Big, expensive batteries in electric vehicles are bad engineering and a waste of money. If the average daily use of a car is 40 miles, a battery that allows 300 miles is a waste since the cost of making and operating a range extender generator for exceptional long trips is quite low and almost no fuel will be used on the average. Stationary cheap batteries at the home can store cheap night energy for a super quick charge during the day when needed. Quick charging from the grid will not be possible without very high demand charges now imposed on businesses. A natural gas powered generator is the cheapest superfast home charger installation.

The Price of $300 per kilowatt hour can only be assumed as a predicted future low price for lithium automobile batteries. Th!nk lithium batteries are so expensive that they have to be leased. It is the equivalent of having to pay for your share of the ship and the oil refinery and the oil company when you buy a car.

To get the electric automobile off the ground, so to speak, requires the cost engineering of TATA. Cheap electric cars with range extenders will be bought by many people. OPOC demonstrated a range extender that could be plugged in by a big driver. ..HG..


The cost of raw lithium is perhaps 5% of the total end user cost of the batteries, it is the cost of making the batteries that adds the most cost. With automation and economies of scale competition will bring the price of batteries down. How much remains to be seen. As far as raising energy and power in 10 years, that remains to be seen as well. It is consumer acceptance that will drive most of this and that will be seen soon enough as well.


A few things to note.

1 Alot of early bev users wont actualy be former ice owners but instead former mass transit riders.

2 Because bevs are best for light cars on short hops.. it cant effect mjuch of the gas used because that is used by heavy cars and longer trips.
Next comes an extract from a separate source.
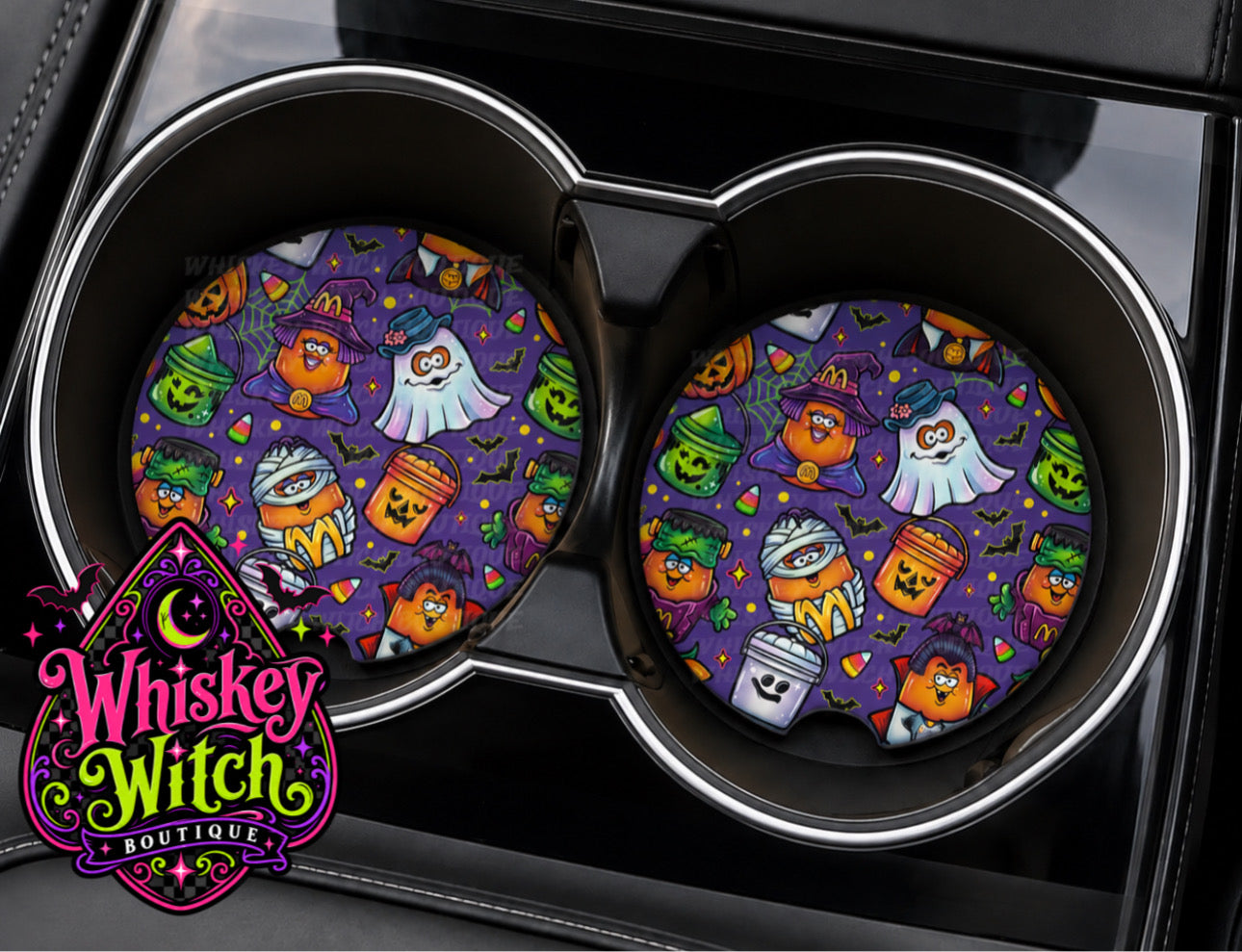 Purple Retro Halloween Car Coasters | Spooky Monster Cup Holder Set of 2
3 You still have to factor in the effect of loosing all these massive tax breaks and credits.. as that WILL happen.

4 The higher capcity batteries in genewral are more expensive to make and have shorter lifespans... Not good.



Yes, it seems logical to go from HEV to PHEV for at least 1+ decade or until such time as e-energy storage units' performance is up 3x and cost down to 1/3 current level. Meanwhile we should have the choice between 20 or 40 or 60 or 80 Km PHEVs. Standardized modular (20 Km) batteries could do that. Owners could start with a single module and add more latter, if required.


The problem with modular batteries for bevs/phev is that the smallest pack has to POWER the entire car and that requires quite the w/kg. But high wh/kg batteries tend to be low w/kg.

I expect other then a few high end pricy cars we will see bevs grab the low end small car market while fuel cells grab the higher end larger car market and then both ooze toward the middle over the next few decades.


Henry's point about low cost ER_EV is valuable. Indeed in new markets a 8 kwh battery with a flexfuel generator could be low cost if built in volume. It is likely consumers would rather make a trip to the gas/ethanol station rather than fork over more $$ for more batteries. If the small battery provides a 20m AER - this may work.